Diggs was inactive for the first three games of his rookie season, then had 87 or more yards in each of his first four games – including 129- and 108-yard games in back-to-back October outings – then didn’t touch even a 70-yard performance the rest of the season.

How could that be? Some speculated that Diggs was receiving extra defensive attention. Nonsense, says Stewart.  “I think that’s something our media fabricated for him – They started to roll the coverage – no, I don’t think so. I just think Adrian (Peterson) was in a good groove,” Stewart said. “He was 150, 175 yards in those times so it gave him an opportunity to get the ball (more). Stefon is going to be a good player for us. Obviously he played well as a rookie. Hopefully he can have a sophomore year very similar to his rookie year. As he said, he wants to get better.”

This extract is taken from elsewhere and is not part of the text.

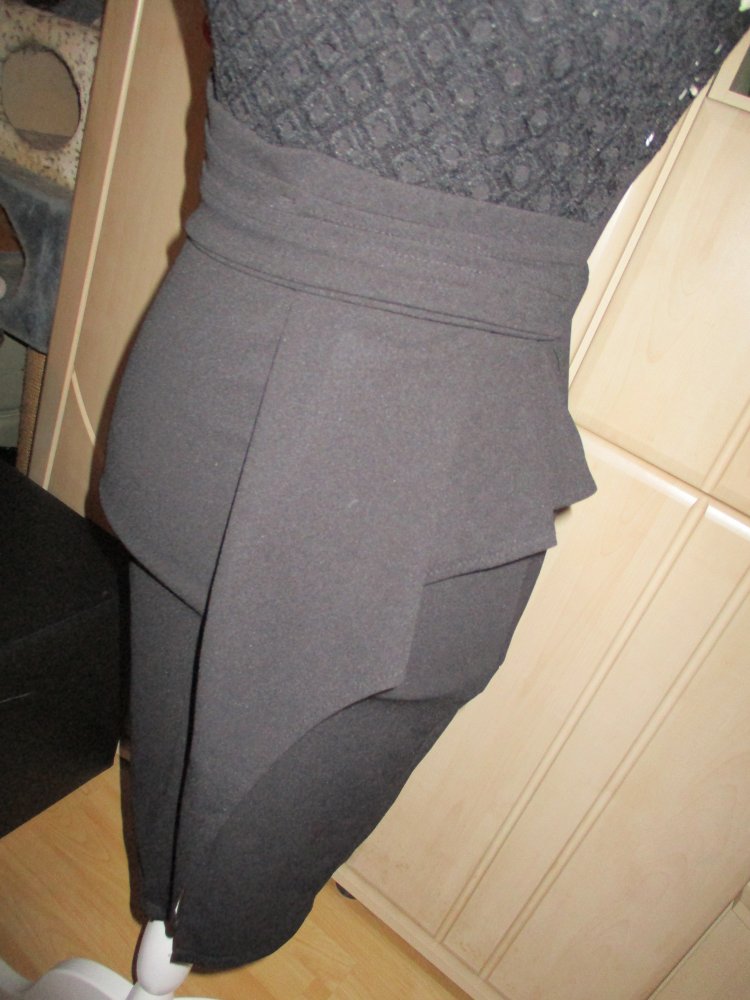 sehr schönes kleid in schwarz.gr. 34/36.stretchig,neuwertig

Peterson did have five 100-yard games in the final 10 of the season, but the only 100-yard receiving game after Diggs’ early streak came from tight end Kyle Rudolph. Someone has to embrace the long-vacated role of No. 1 receiver for the Vikings.

Stewart says there isn’t much Diggs has to work on from a physical standpoint, but he’s working to understand NFL defensive nuances that could help him, and the coaches plan to move him around in hopes of freeing him up more. Johnson says every other receiver on the roster is in competition with him because he sets his own standards. Treadwell hasn’t even reached his NFL baptism yet, and Stewart compared Patterson to a man who has been shipwrecked for years and is just learning to read and write in NFL parlance because he was never asked to be a true receiver, only a “gadget guy.”

So who will emerge as the “go-to” receiver? The Vikings might have to settle for another season of shared duty and no truly dominant receiver. Perhaps one will emerge, but to predict who that might be, well, “it’s still too early.”